Quote the records that follow in full, leaving the pictures out.

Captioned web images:
------------------------------------------------
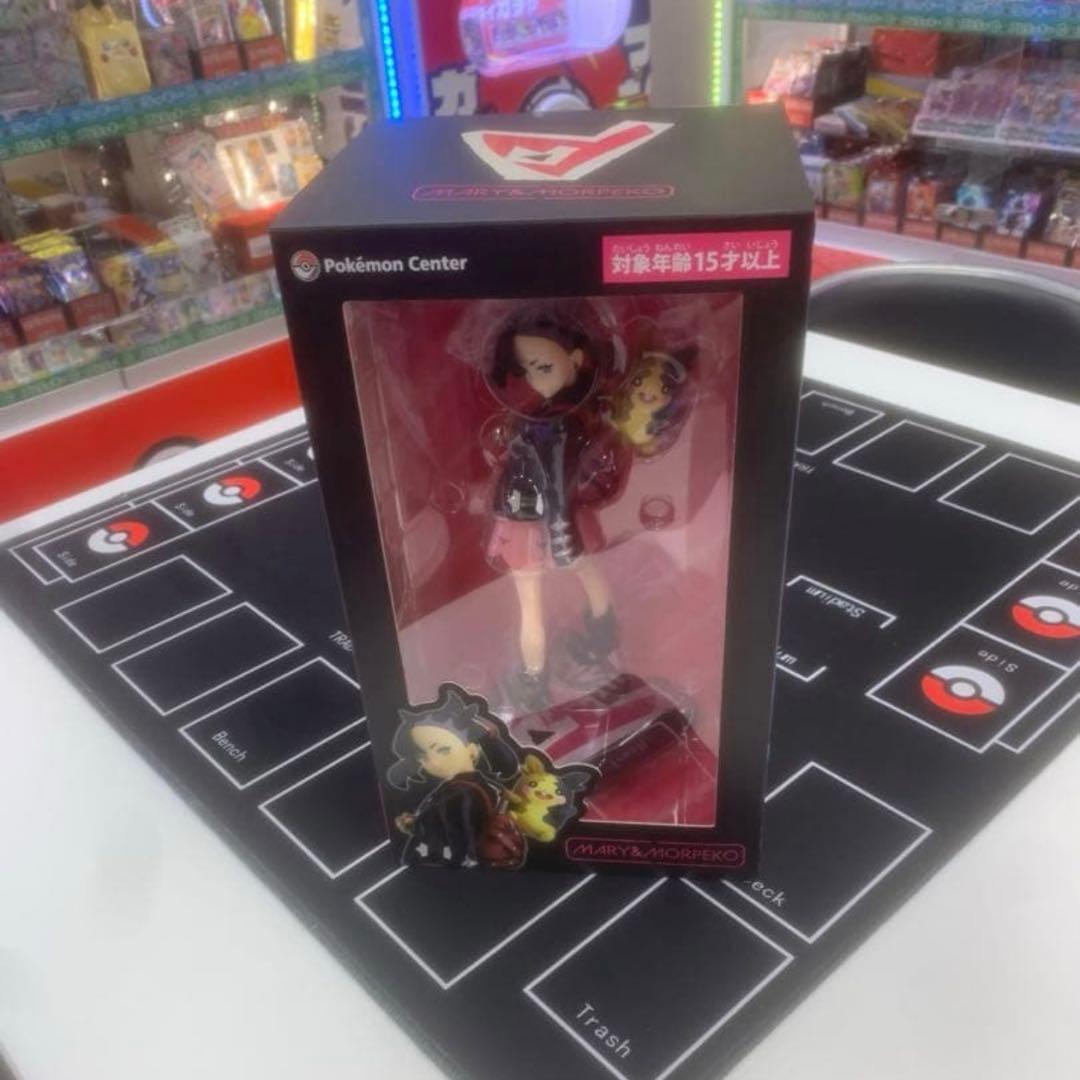 ポケモンセンター マリィ モルペコ フィギュア 未開封品 - メルカリ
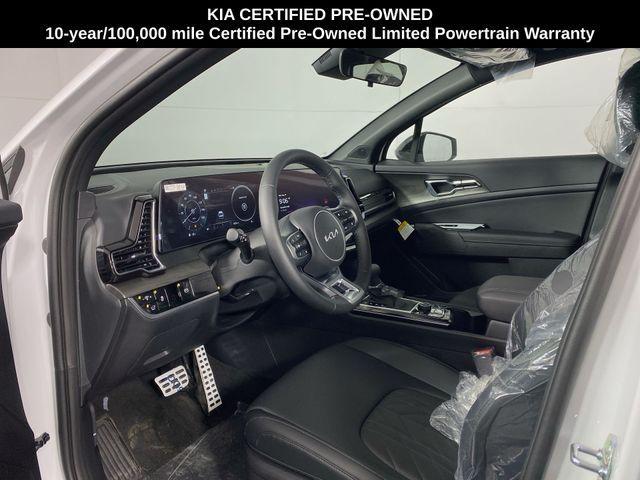 used 2025 Kia Sportage car, priced at $34,297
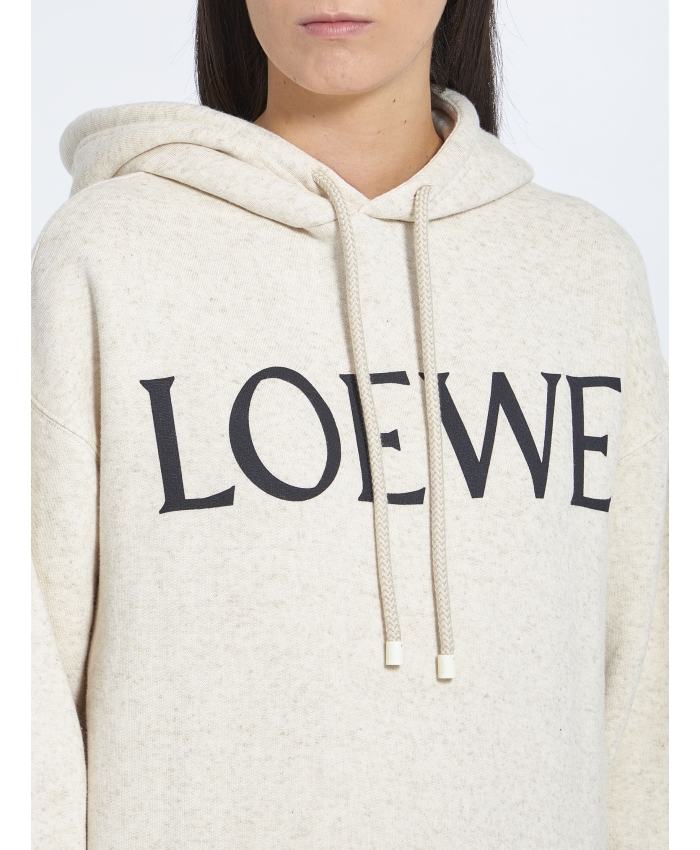 LOEWE - Felpa Loewe oversize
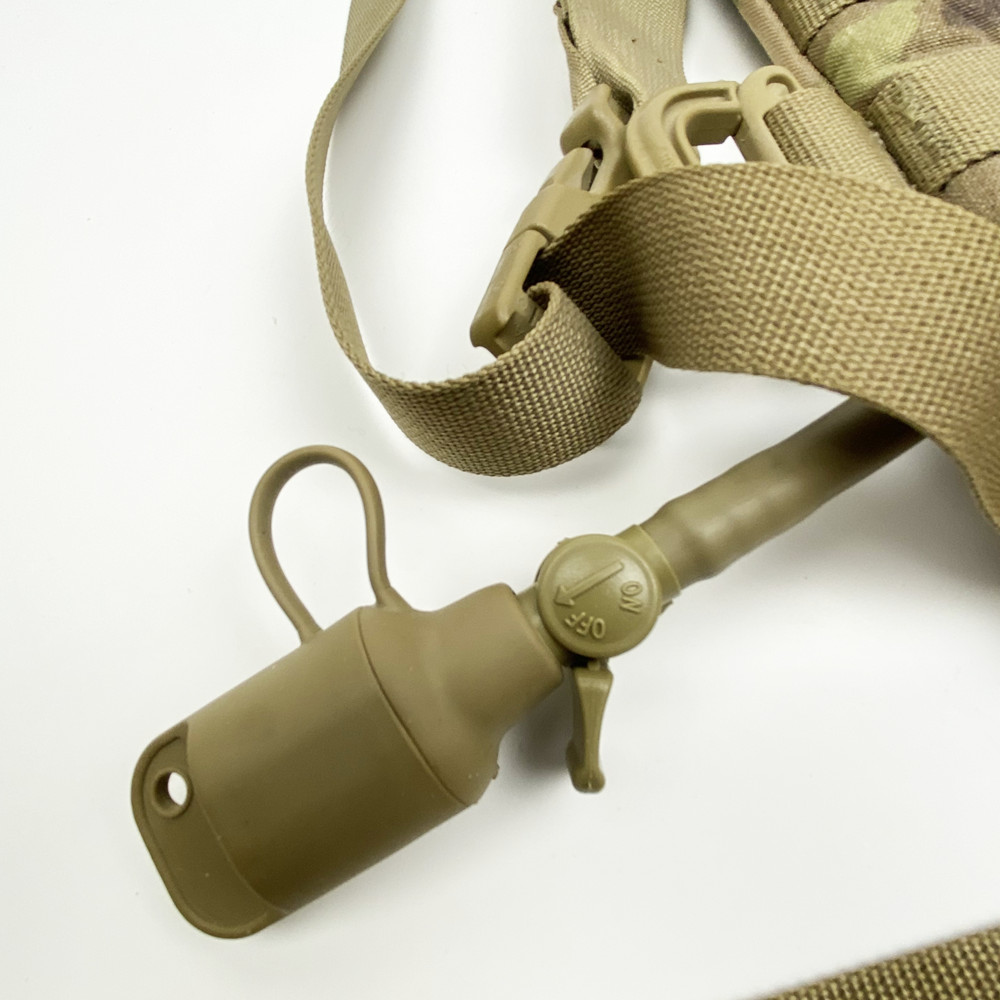 US Army MOLLE II 3L 100oz Hydration Backpack MultiCam BAE Systems Issue VG Clean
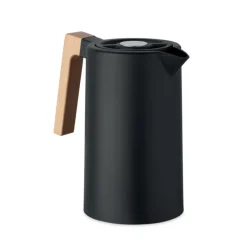Dzbanek dwuścienny 1L / Czarny MO2674-03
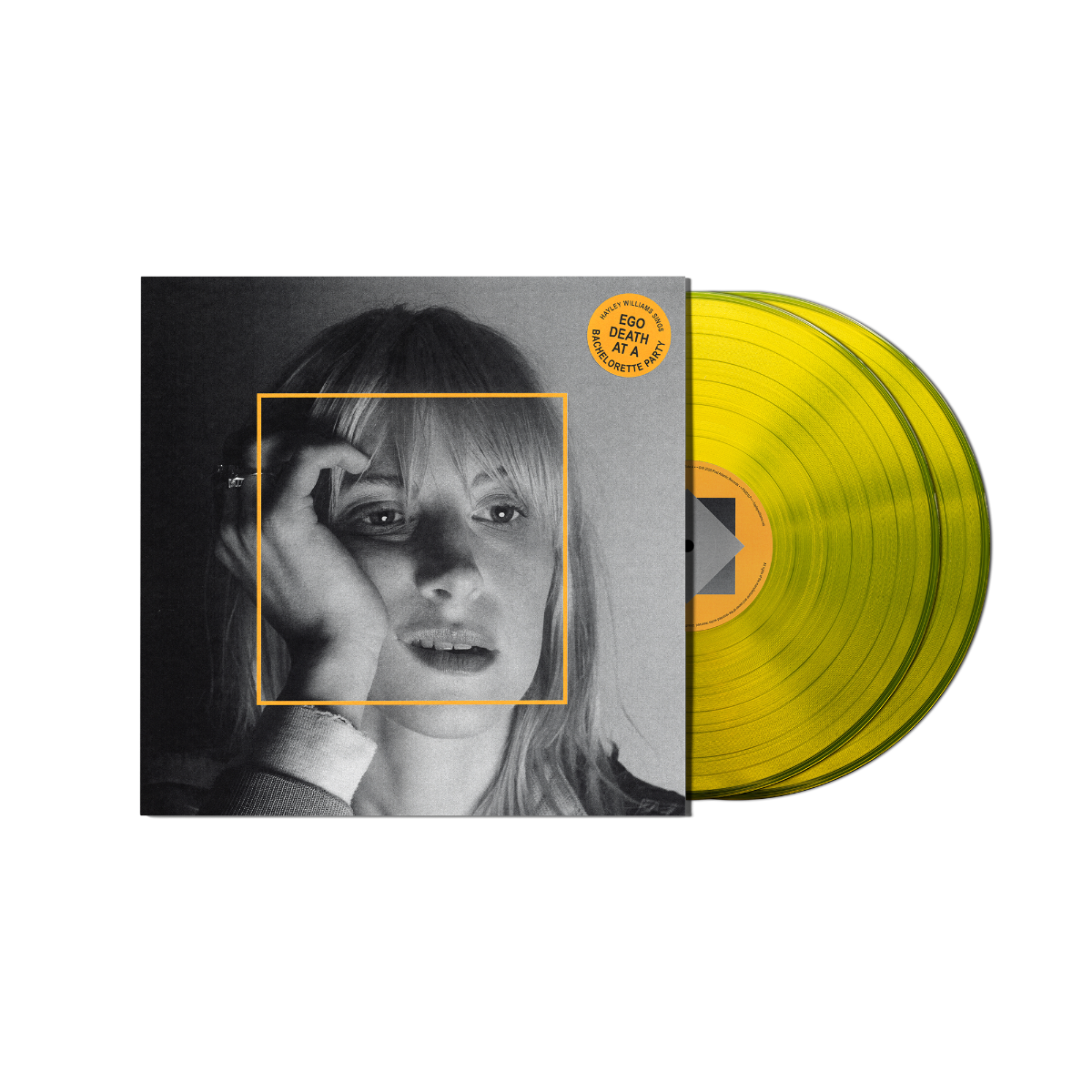 Hayley Williams - Ego Death At A Bachelorette Party' (Highlighter Yellow Colored Vinyl) (2 Lp's) Vinyl
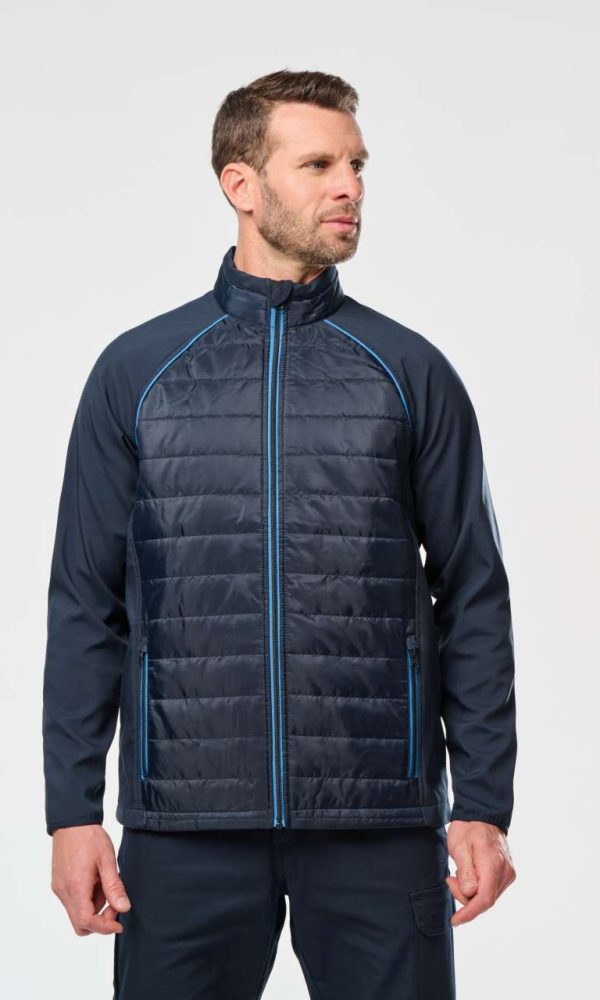 UNISEX DUAL-FABRIC DAYTODAY JACKET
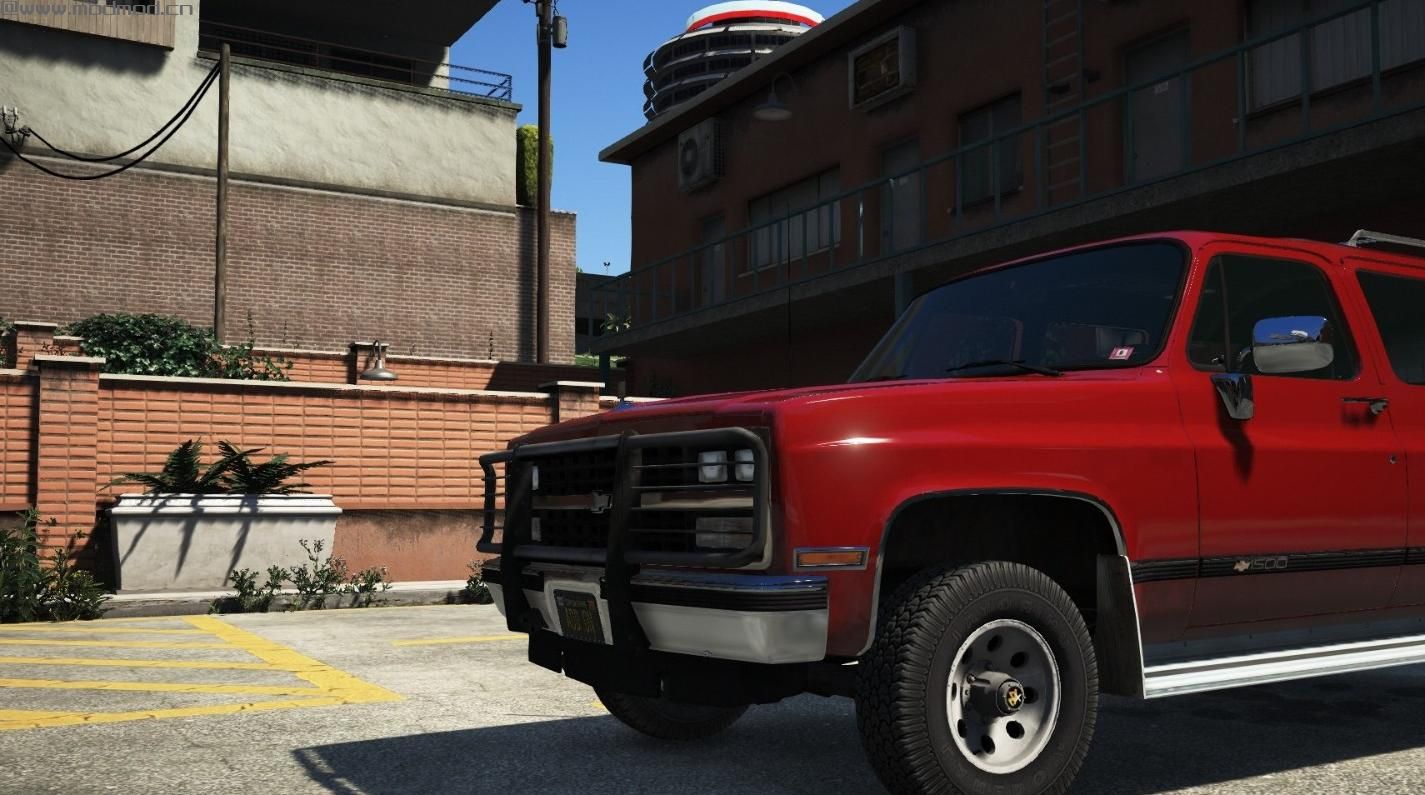 侠盗猎车手5「GTA5」Mod: 1989 Chevrolet Suburban [Add-on Version]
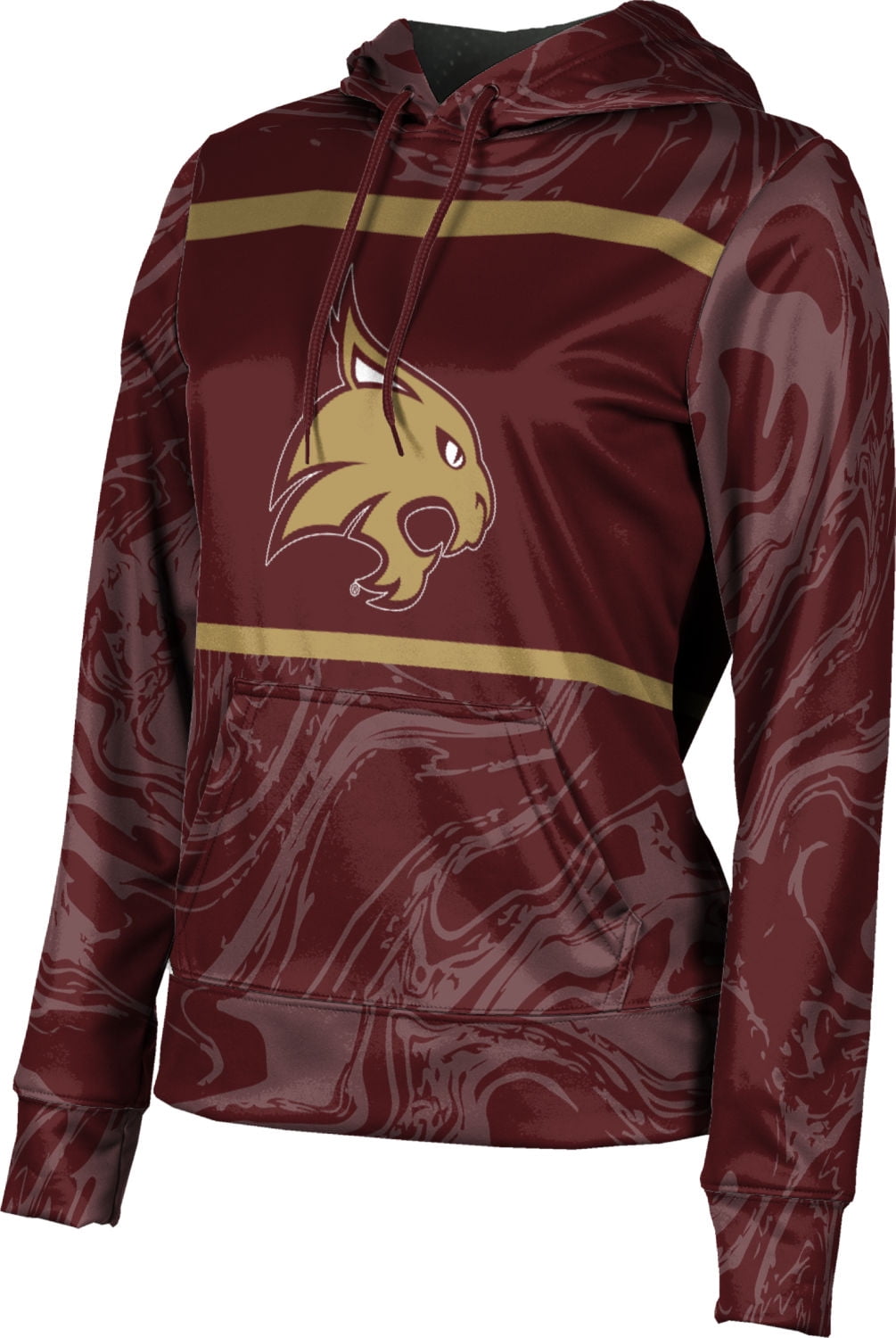 Letterman ProSphere Fairmont State University Boys Full Zip Hoodie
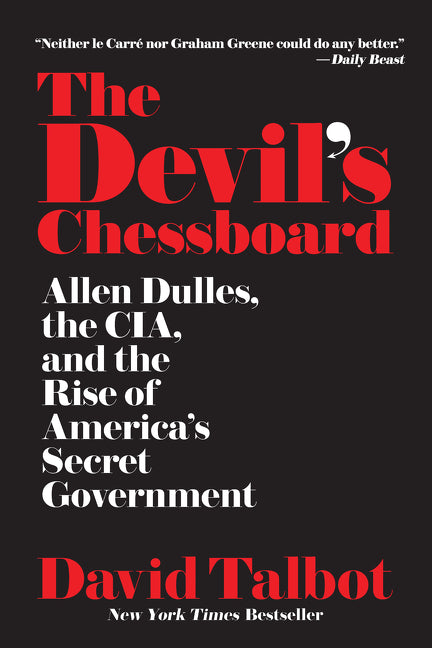 The Devil's Chessboard-Biography and memoirs-買書書 BuyBookBook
------------------------------------------------
Your response:
 ポケモンセンター マリィ モルペコ フィギュア 未開封品 - メルカリ
 used 2025 Kia Sportage car, priced at $34,297
 LOEWE - Felpa Loewe oversize
 US Army MOLLE II 3L 100oz Hydration Backpack MultiCam BAE Systems Issue VG Clean
Dzbanek dwuścienny 1L / Czarny MO2674-03
 Hayley Williams - Ego Death At A Bachelorette Party' (Highlighter Yellow Colored Vinyl) (2 Lp's) Vinyl
 UNISEX DUAL-FABRIC DAYTODAY JACKET
 侠盗猎车手5「GTA5」Mod: 1989 Chevrolet Suburban [Add-on Version]
 Letterman ProSphere Fairmont State University Boys Full Zip Hoodie
 The Devil's Chessboard-Biography and memoirs-買書書 BuyBookBook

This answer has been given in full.